La novità a cui si sta lavorando in queste ore prevede un intervento nei criteri di selezione utilizzati nei concorsi pubblici. Dovrebbe cader eil vincolo per il tipo di laurea, fatta eccezione per i settori in cui siano necessarie competenze tecniche specifiche. Il laureato in Lettere potrebbe diventare dirigente di un ente pubblico, purché dimostri di essere in grado di superare brillantemente il concorso, e quindi però dovrebbero anche esserci concorsi in futuro, visto che da tempo non ce n’é traccia. Nemmeno il voto di laurea dovrebbe più avere un peso nella selezione ma diventerebbe importante l’ateneo dove ci si è laureati. E, quindi, un titolo conquistato anche a pieni voti nell’università X non avrebbe valore mentre lo avrebbe un titolo conquistato anche con una valutazione non brillante in un’altra università che abbia requisiti particolari che molto probabilmente verranno definiti sulla base dei parametri individuati dall’Anvur, l’Agenzia per la valutazione a cui il governo Monti proprio venerdì scorso ha attribuito i compiti di certificazione della qualità dei corsi e delle sedi universitarie, una sorta di bollino per far capire dove si studia meglio agli studenti.
Contrari i sindacati dei docenti, dall’Andu alla Flc-Cgil, la Cisl, la Uil, ma anche la Rete 29 Aprile e le associazioni di base.
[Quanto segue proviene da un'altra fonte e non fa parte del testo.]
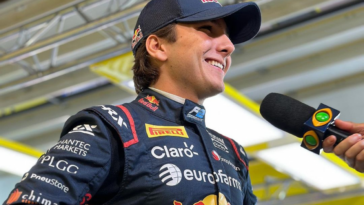 Enzo Fittipaldi é piloto da Rodin Carlin, escuderia da Fórmula 2 vinculada à Red Bull.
Consideriamo il mantenimento del valore legale del titolo di studio un dato centrale del sistema universitario italiano e paventiamo che la sua abolizione possa incrementare le diseguaglianze sociali ed economiche». Scandalizzato il Pdci. Riccardo Messina: «Una norma classista, discriminatoria e da un forte retrogusto leghista. Se questo principio venisse approvato, ci sarebbe milioni di studenti tagliati fuori dalla possibilità di diventare classe dirigente di questo paese solo perchè senza risorse economiche o perchè nati in zone disagiate».